DIRECTIONS
Images within the entries are to be omitted; the remainder must be reproduced exactly.
=-=-=-=-=
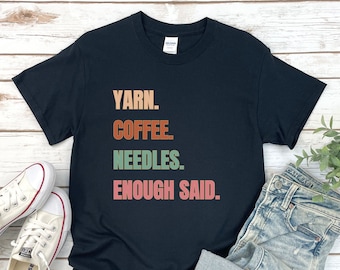 May include: Black t-shirt with the text "YARN. COFFEE. NEEDLES. ENOUGH SAID." in colorful letters.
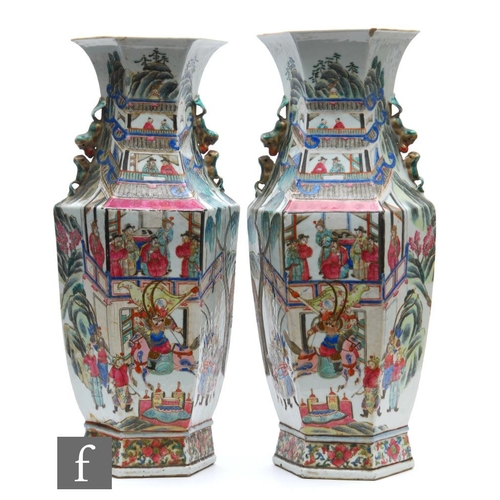 228 - A pair of Chinese 19th Century Canton famille rose vases, each of hexagonal form, rising from a high... 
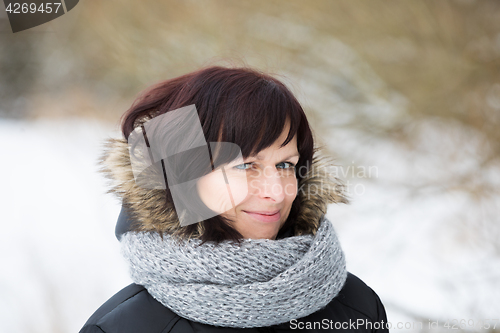 Image of woman without makeup in winter time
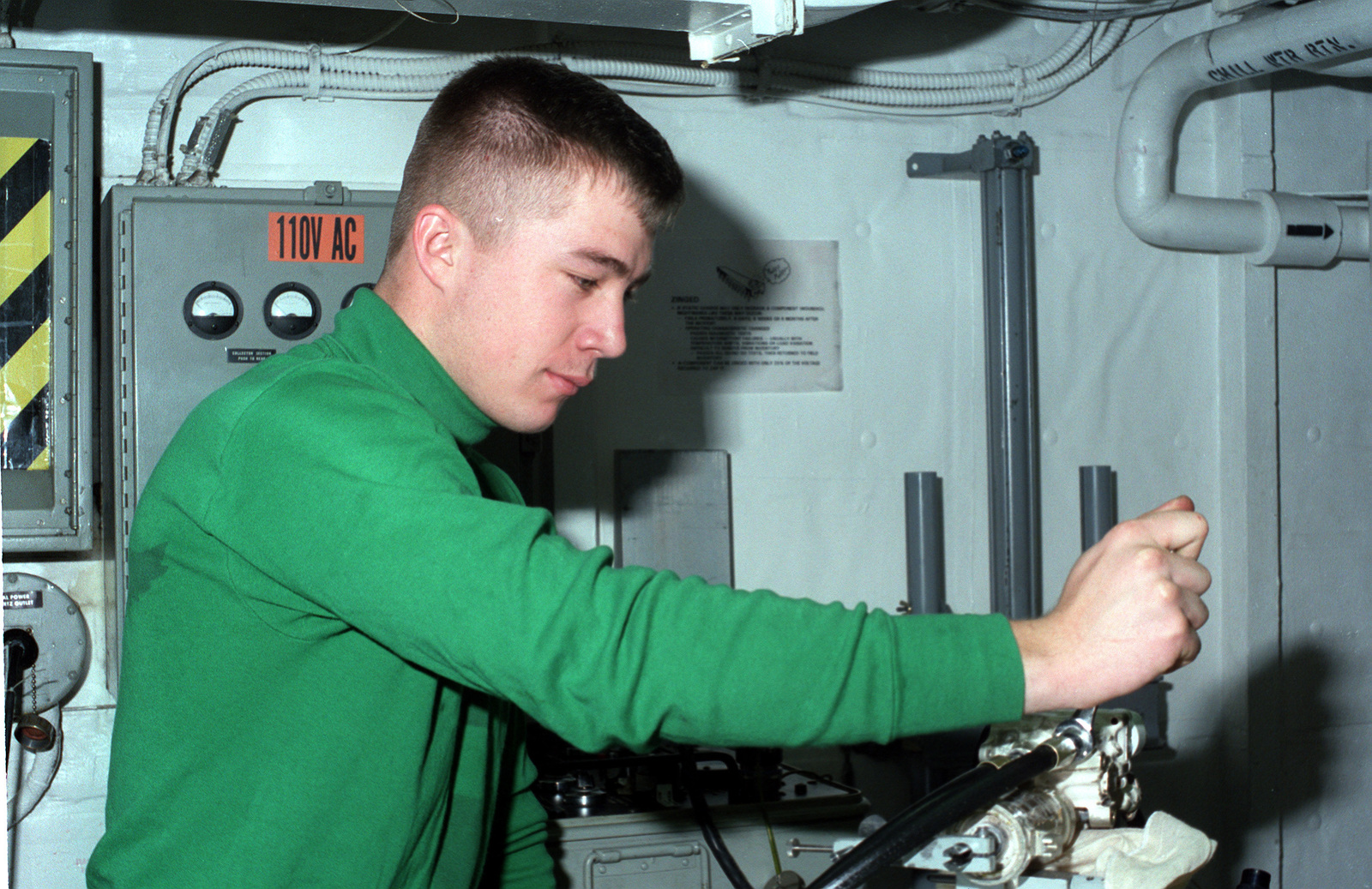 a-crewman-works-in-a-repair-shop-aboard-the-nuclear-powered-aircraft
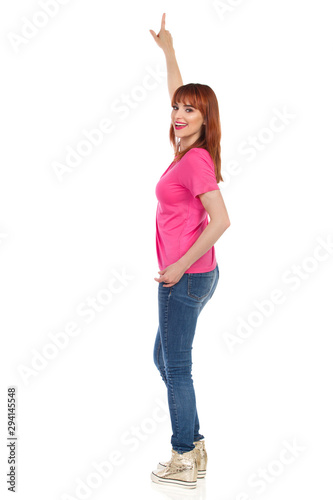 Young Woman Is Pointing Up And Talking. Side View.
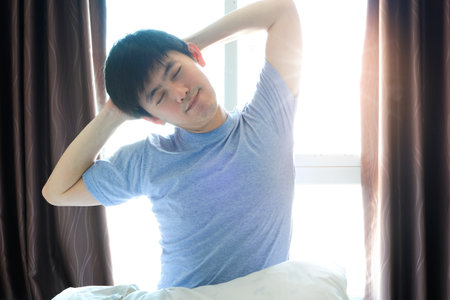 Morning of a new day, alarm clock wake up man sitting in the room. A woman stretch the muscles at...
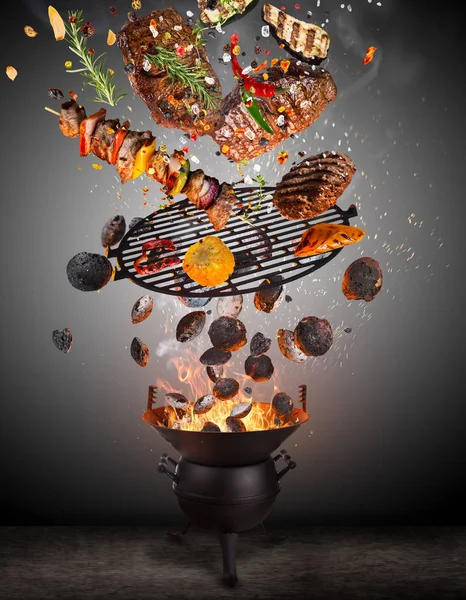 Parrilla para hervidor con briquetas calientes, rejilla de hierro fundido y sabrosos pinchos volando en el aire . — Foto de Stock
=-=-=-=-=
SOLUTION TO THIS TASK
 May include: Black t-shirt with the text "YARN. COFFEE. NEEDLES. ENOUGH SAID." in colorful letters.
 228 - A pair of Chinese 19th Century Canton famille rose vases, each of hexagonal form, rising from a high... 
 Image of woman without makeup in winter time
 a-crewman-works-in-a-repair-shop-aboard-the-nuclear-powered-aircraft
 Young Woman Is Pointing Up And Talking. Side View.
 Morning of a new day, alarm clock wake up man sitting in the room. A woman stretch the muscles at...
 Parrilla para hervidor con briquetas calientes, rejilla de hierro fundido y sabrosos pinchos volando en el aire . — Foto de Stock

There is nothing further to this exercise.